I found the depth of the canyon =2298m
then what is the next step?

 

[Doc Al]

How did you do calculate the depth?

The point is to calculate it two ways: once ignoring the time for the sound to travel; once taking it into account.

 

[munther]

sorrry
the distance = 1/2 a t^2
= .5 x 9.8 x (13.4/2)^2 = 219.961 m^2


that is when i take the time into account

but how i will not take it??

 

[Doc Al]

the distance = 1/2 a t^2
= .5 x 9.8 x (13.4/2)^2 = 219.961 m^2

The time needed here is the time that the stone was falling. Why did you divide by 2?

Think of the time to hear the echo as having two parts:
(1) The time that the stone was falling.
(2) The time it takes for the sound of the stone hitting the canyon floor to travel up to the top.
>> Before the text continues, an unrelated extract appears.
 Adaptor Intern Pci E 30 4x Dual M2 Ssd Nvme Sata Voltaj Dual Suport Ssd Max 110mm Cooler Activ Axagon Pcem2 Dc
Time #1 + Time #2 = 13.4 seconds

Since sound travels pretty fast compared to the stone, time #2 will be small.

 

[munther]

ok that is very good

then how i will divide the time between the falling and the echo

 

[Doc Al]

then how i will divide the time between the falling and the echo

To incorporate the time delay due to the speed of sound, you'll need to set up equations and solve for the times. Hint: Set up two equations (one for the falling rock; one for the sound) relating distance and time.

 

[munther]

ok

d= .5xgxt1 = 343t2
t1+t2 =13.4
by solving both equations
t1= 11.51
t2= 1.89

then the depth = 648.9 m

is it right


next step:

%=(depth1-depth2)x100/(depth1)

we found one depth

the second depth when we ignored the time
is the second depth when time = 13.4 for the d=.5x9.8xt

 

[Doc Al]

ok

d= .5xgxt1 = 343t2
t1+t2 =13.4
by solving both equations
t1= 11.51
t2= 1.89

then the depth = 648.9 m

is it right

Looks good to me.

is the second depth when time = 13.4 for the d=.5x9.8xt

Right. (You have a typo in your formula--that should be t^2.)

 

[munther]

thanks

i posted it ...but it is wrong!

(879.844-648.9)/(879.844)=26.2% xxx Wrong xxx !

why??

 

[Doc Al]

thanks

i posted it ...but it is wrong!

(879.844-648.9)/(879.844)=26.2% xxx Wrong xxx !

why??

You need to read the question very carefully. I think they are asking for the percentage error the incorrect method (that ignores the sound travel time) introduces with respect to the correct method. The correct measurement should be in the denominator.